# [WHAT NEEDS TO BE DONE]
Reproduce only the lines below from the line containing "close-up of the" to the line containing "PROSPECTUS 21,6 CM", exactly as written, with both end lines kept. Omit the pictures.

# [SUPPLIED ENTRIES]
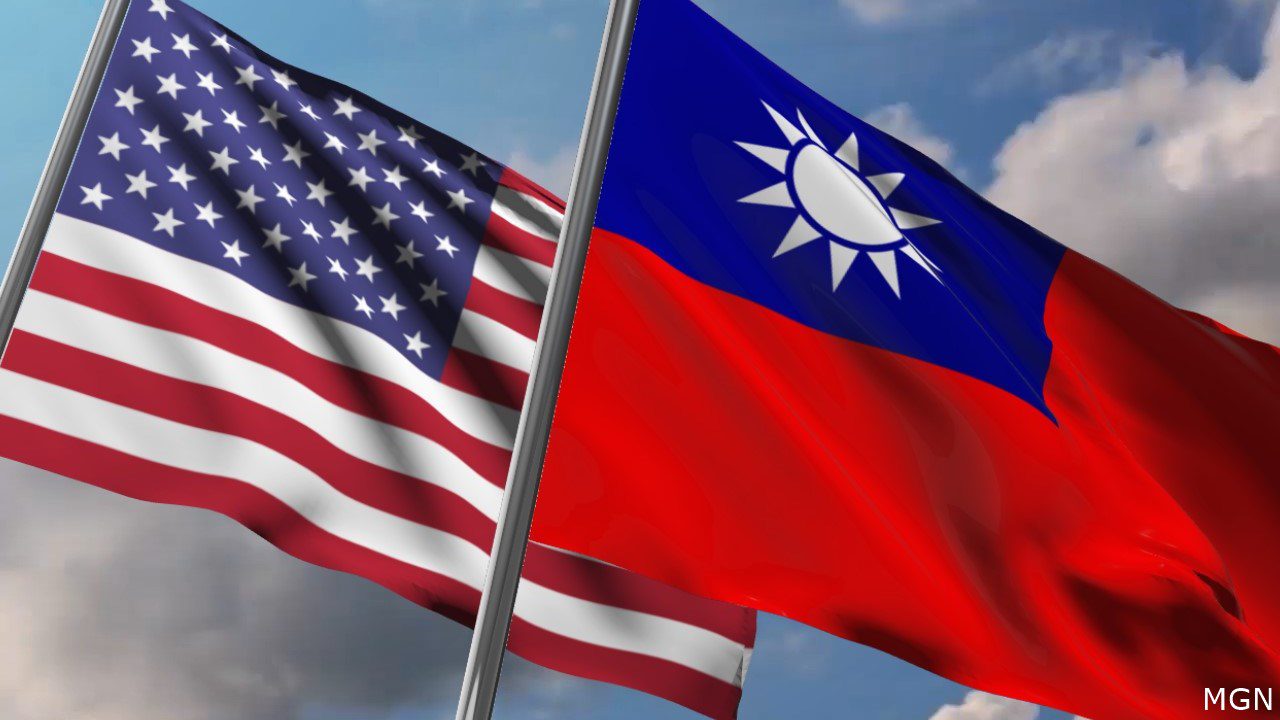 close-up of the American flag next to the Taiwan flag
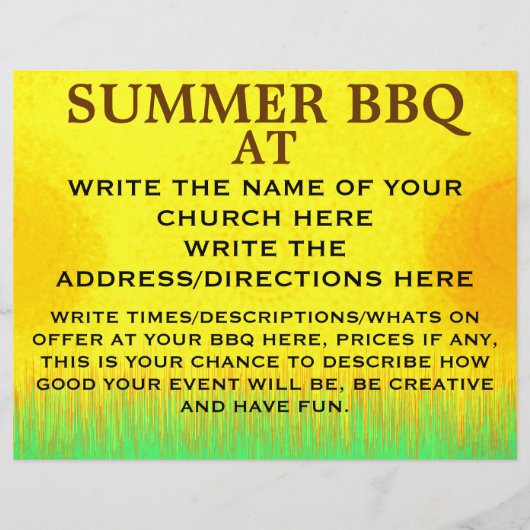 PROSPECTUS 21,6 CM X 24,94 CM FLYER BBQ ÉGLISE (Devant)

...

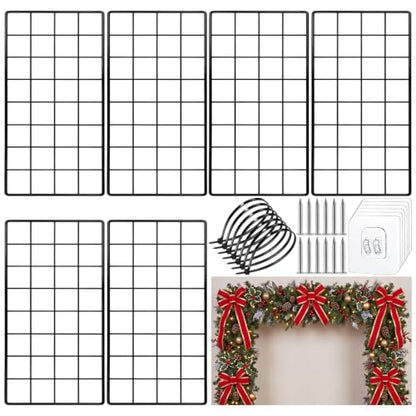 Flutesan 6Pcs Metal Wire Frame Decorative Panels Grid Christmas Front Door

--

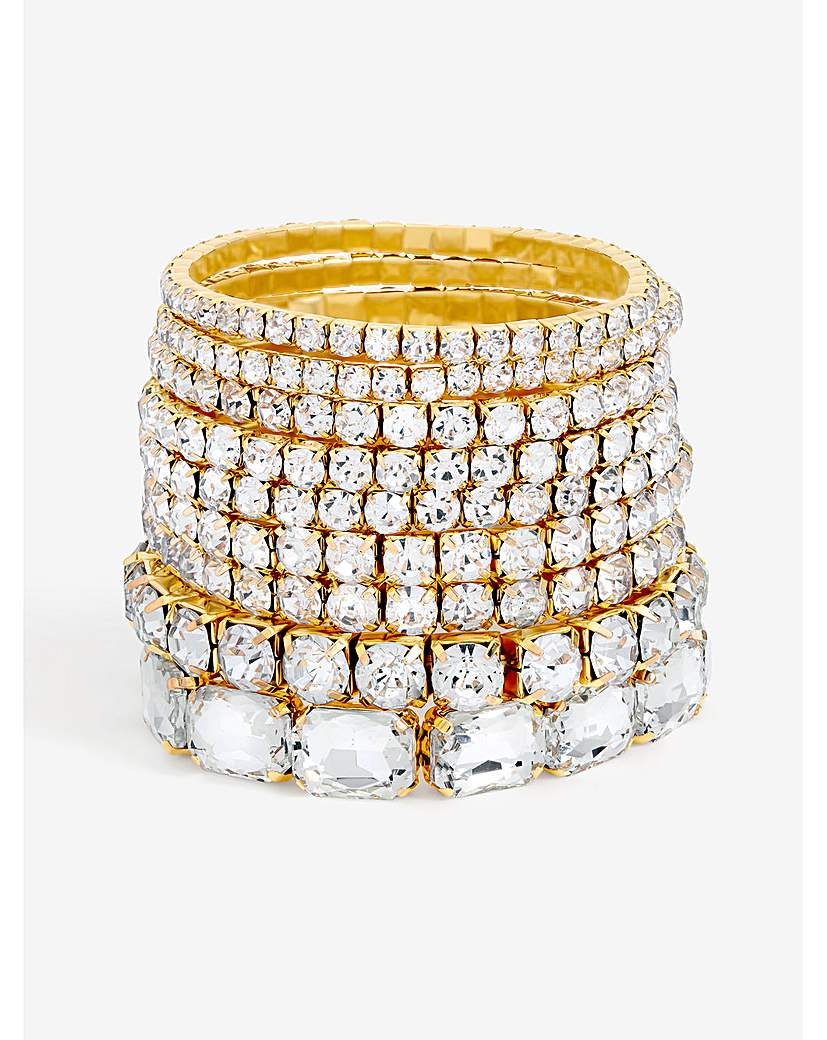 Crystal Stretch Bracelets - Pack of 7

# [EXPECTED ANSWER]
 close-up of the American flag next to the Taiwan flag
 PROSPECTUS 21,6 CM X 24,94 CM FLYER BBQ ÉGLISE (Devant)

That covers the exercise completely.